Terrain de jeu des opérateurs historiques européens en quête de relais de croissance, à l’image du Brésil pour Vivendi (GVT), les pays émergents ne semblent plus vouloir se cantonner au rôle de cible. Un mouvement de concentration se dessine dans les télécoms en Europe et ce sont des acteurs latino-américain et asiatique, regorgeant de cash, qui sont à la manœuvre. Le milliardaire mexicain Carlos Slim, l’homme le plus riche du monde selon le classement Forbes, devant Bill Gates, vient de proposer de débourser 3,2 milliards d’euros pour monter de 4,8% à 28% au capital de KPN, l’opérateur historique néerlandais. Un autre milliardaire, le hong-kongais Li Ka -shing convoite Eircom, l’ex-monopole irlandais qui vient de se placer sous la protection de la loi des faillites, qu’il veut racheter pour 2 milliards d’euros en cash.
La vieille Europe pas si condamnée au déclin
La vieille Europe et ses marchés matures, condamnés à la déflation et aux baisses de prix imposés par une Commission européenne trop « consumériste » aux yeux des opérateurs, offrirait-elle finalement des opportunités sous-estimées ? Li Ka-shing n’est pas un nouveau venu en Europe. Son groupe Hutchison Whampoa est présent dans le mobile sous sa marque « 3 » au Royaume-Uni, en Italie, en Autriche, où il vient de racheter la filiale d’Orange pour 1,3 milliard d’euros, dans les pays nordiques et en Irlande : il pourrait ainsi consolider ses positions avec Eircom, numéro un du pays dans le fixe et numéro trois du mobile sous sa marque Meteor, devant « 3. » Hutchison devrait revoir son offre qui été refusée car elle était assortie d’un nombre important de conditions.

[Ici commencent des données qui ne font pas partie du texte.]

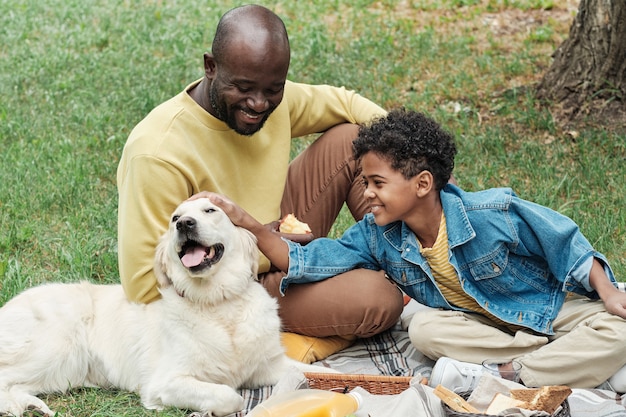 Familie sitzt mit Hund im Freien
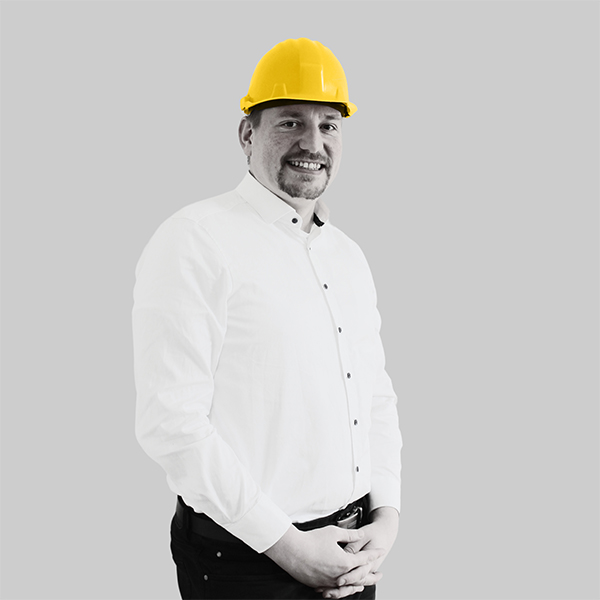 Team-rheform - Christoph Gaedke, M.Sc. Wirtschaftsingenieurswesen von der Zielorientierten Bedarfsplanung Standortkonzepte trägt einen Bauhelm und verschrenkt die Hände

Telefonica, le rival de Slim en ligne de mire
En revanche, Carlos Slim n’est pas implanté en Europe. Il vient défier sur ses terres historiques le rival le plus féroce de son empire America Movil en Amérique latine (225 millions de clients), l’espagnol Telefonica. Il avait déjà essayé en 2007 d’entrer au capital de Telecom Italia, qui avait préféré passer sous la coupe de Telefonica. En s’en prenant à KPN, le richissime septuagénaire, qui doit sa fortune, estimée à 69 milliards de dollars, au monopole des télécoms mexicain Telmex, s’attaque à un petit acteur (son chiffre d’affaires de 13 milliards d’euros est plus de trois fois inférieur à celui de France Télécom), affaibli, qui souffre du déclin de ses recettes et de ses marges, mais qui pourra cependant lui offrir une tête de pont sur plusieurs marchés clés en Europe, en particulier l’Allemagne : la filiale de KPN E-Plus est le numéro trois du mobile, derrière T-Mobile et Vodafone, juste devant O2 de Telefonica. Le patron de KPN avait lui-même déclaré en novembre dernier qu’une fusion entre E-Plus et O2 en Allemagne aurait du sens. KPN est aussi présent en Espagne, avec son opérateur mobile virtuel Simyo (400.000 clients).
Une offre inamicale et sous-valorisant KPN
Mais KPN, dont l’Etat néerlandais a vendu ses dernières parts en 2006, n’entend pas se laisser faire. Le conseil d’administration a estimé que l’offre de Slim est inamicale et sous-valorise la société (qui cote toutefois 7,6 euros mercredi matin). Il a mandaté Goldman Sachs et JP Morgan pour étudier ses différentes options stratégiques, selon la formule consacrée. L’arrivée du magnat mexicain va-t-elle faire bouger les grands historiques, en particulier Telefonica ? La consolidation devrait en tout cas s’accélérer, d’autant que KPN envisageait également de céder sa filiale belge BASE.